Welche Folgen hat die Sucht für das Leben der Betroffenen?

Kirchner: Es heißt, auf jeden Süchtigen kommen drei Betroffene. Schließlich leidet auch die Familie darunter, wenn wegen des verspielten Geldes zum Beispiel die Stromrechnung nicht mehr bezahlt wird. Manche Spielsüchtige werden sogar straffällig, zum Beispiel in dem sie bei ihrem Chef in die Kasse greifen. Wir haben auch schon erlebt, dass Abhängige die Winterräder ihres Vaters oder Schmuck der Mutter verkauft haben, um wieder an Geld zu kommen. Der Leidensdruck ist bei den Betroffenen so hoch, dass vielfach eine erhöhte Selbstmordgefahr besteht.

 Gabriele Kirchner beschäftigt sich mit Spielsucht.

Gabriele Kirchner beschäftigt sich mit Spielsucht.

Foto: mak (Archiv)

Wie rutschen die Spieler in die Abhängigkeit ab?
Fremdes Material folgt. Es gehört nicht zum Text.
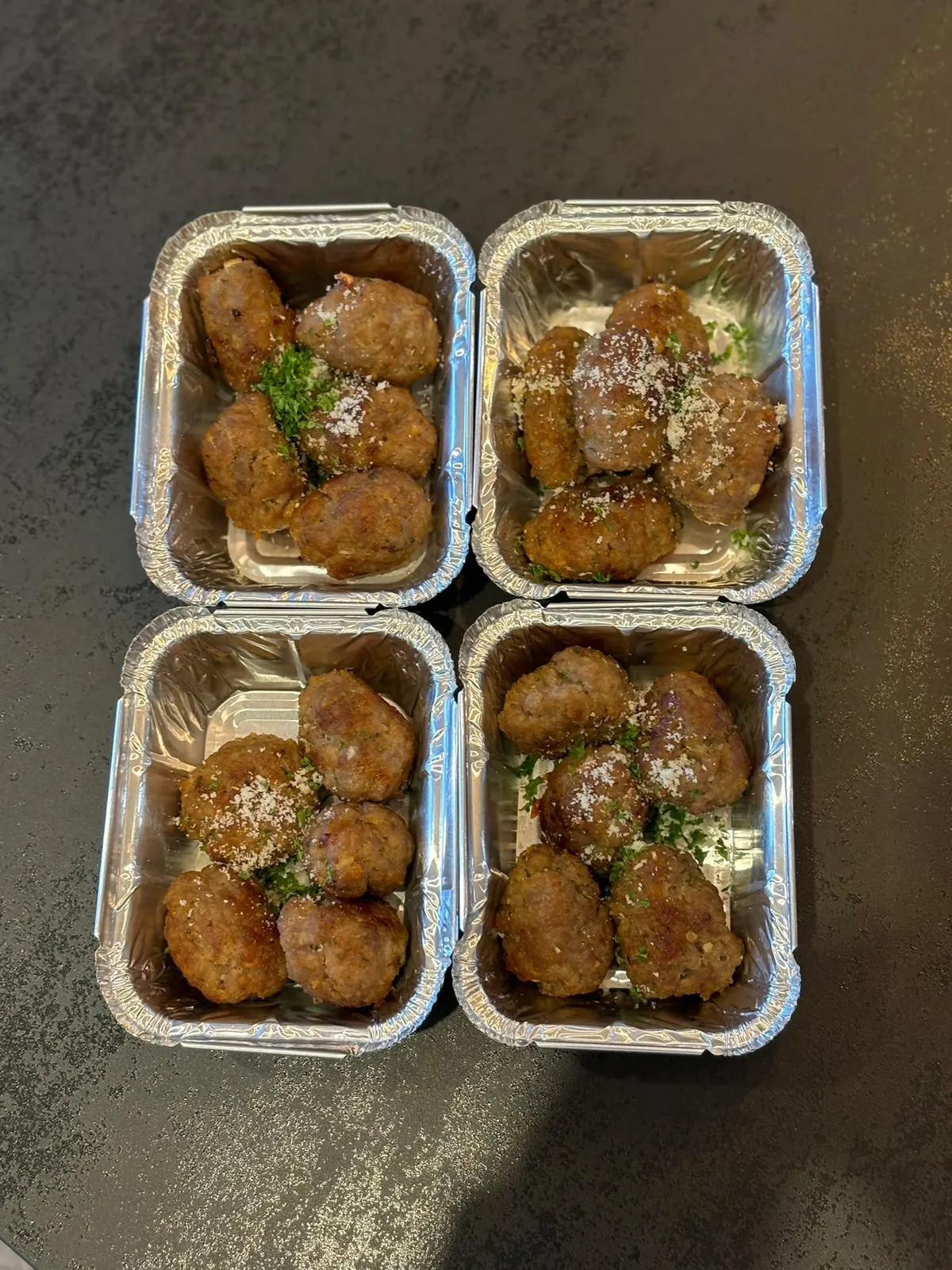 Quatre barquettes de boulettes de viande en sauce, parsemées de parmesan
Kirchner: Nahezu 100 Prozent der Süchtigen haben beim ersten Mal am Spielautomaten gewonnen. Das ist im Grunde das Schlimmste, was ihnen passieren kann. Junge Menschen gehen anfangs in Gruppen in die Spielhallen. Dort wird man umsorgt, zum Beispiel mit kostenlosem Kaffee, so dass die Gäste die Einrichtung nach und nach als einen Rückzugsort wahrnehmen und sich isolieren. Eine Rückkehr zum kontrollierten Spielen ist bei einem Abhängigen später nicht mehr möglich. Inzwischen sind auch Frauen eine wachsende Zielgruppe: Die Automaten sind oft auch in familienfreundlichen Freizeitzentren, zum Beispiel mit Bowlingbahn, zu finden.
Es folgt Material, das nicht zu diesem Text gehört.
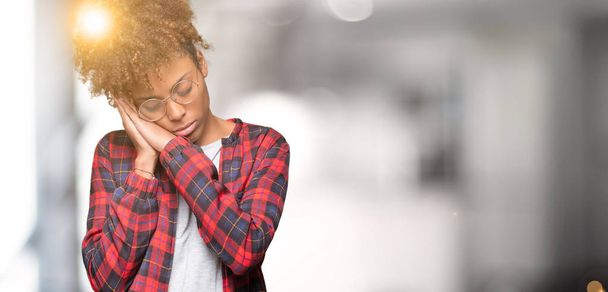 schöne junge afrikanisch-amerikanische Frau trägt eine Brille über isoliertem Hintergrund und schläft müde träumend und posiert mit den Händen zusammen, während sie mit geschlossenen Augen lächelt. - Foto, Bild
Wie lässt sich der Schaden durch die Spielsucht in Solingen beziffern?

Kirchner: Die von den Kunden verspielte Geldsumme hat sich von 7,7 Millionen Euro im Jahr 2012 auf über 16 Millionen im Jahr 2014 in Solingen erhöht. So einen starken Anstieg gab es noch nie. Generell sind etwa 0,5 Prozent der Bevölkerung, das wären auf Solingen bezogen 776 Menschen, vom pathologischen Glücksspiel betroffen, die gleiche Zahl vom problematischen Glücksspiel. Die Umsätze der Betreiber von Spielgeräten hängen besonders an den Süchtigen. Bemerkenswert ist: Eigentlich darf jede Spielhalle nach dem Glücksspielvertrag nur eine Konzession besitzen. In Solingen gibt es mehr als doppelt so viele Konzessionen wie Spielhallen.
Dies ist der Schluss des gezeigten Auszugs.